Why study religion? Does this pursuit have any practical value, relevancy to your career goals or monetary payoff, or is it, in every sense of these words, “a complete waste of time”?

If you pay closer attention to the pervasive role of religion in our world today, you can’t help but be persuaded that the study of religion may be the most important course you take during your college education.
The more challenging question than “Why study religion?” is the “what” question. Just what is religion? Can it even be defined, or is it something like what Supreme Court Justice Potter Stewart wrote in 1964 about obscenity: “I know it when I see it”? (As you can imagine, a favorite quote in the field of religious studies.)

In addition to heightening your awareness of the centrality of religion in the world today, this course aims to open your mind to “religion” in less traditional senses, to include examination of phenomena that are not usually considered religious but that might well be seen through the lens of religion, such as natural disasters, sporting events, Dragoncon, celebrity and rock concerts.

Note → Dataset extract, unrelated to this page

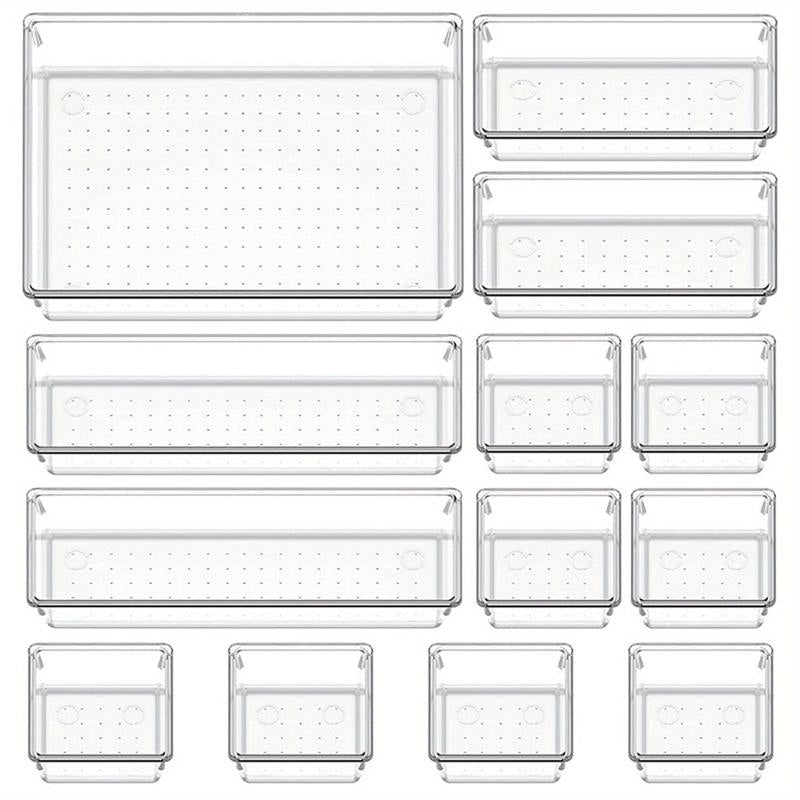 Stackable Clear Plastic Bathroom and Office Cosmetics Storage Set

In other words, we think that to see religion more clearly in our world, it is best to start by confusing the boundaries of what counts as religion, blurring the lines between the sacred and the profane.
The class is a thematic introduction to the field of religious studies, but the themes we will focus on will be determined by current events over the course of the fall semester: globally, nationally, locally and on campus. These events will include the national election (with its religious references, apocalyptic possibilities, rituals and myths, etc.).

Sadly, we can expect to focus on some kind of terrorist event or natural disaster, and we will examine how grief is processed through religious rituals in public. We will examine the Tibetan shrine on display in the Carlos Museum — to understand the shrine itself better, but also to think about the display of religions in museums and the media.

The annual round of holidays on the calendar — Labor Day, Presidents Day and of course Halloween — will also provide us with data to discuss and analyze. As already noted, other topics will emerge and keep us on our analytical toes.

What is perhaps most critical to the success of this course, and a fundamental requirement to participate in this class, is a simple word: respect. “R. E. S. P. E. C. T.” as Aretha Franklin sang in the song we hope some of you have heard. Respecting diversity, respecting the speech of others, respecting the dignity of all students (and even faculty), and respecting the pursuit of knowledge as not simply a matter of opinions, but as practice that is based on research, reflection and respectful conversation.

This isn’t about political correctness, but intelligence and sensitivity. Having a civil discussion in the classroom about a volatile subject — perhaps the most volatile subject — is challenging and, for us, exhilarating and will give you skills to live with what is an unavoidable fact of the world we live in: religious differences.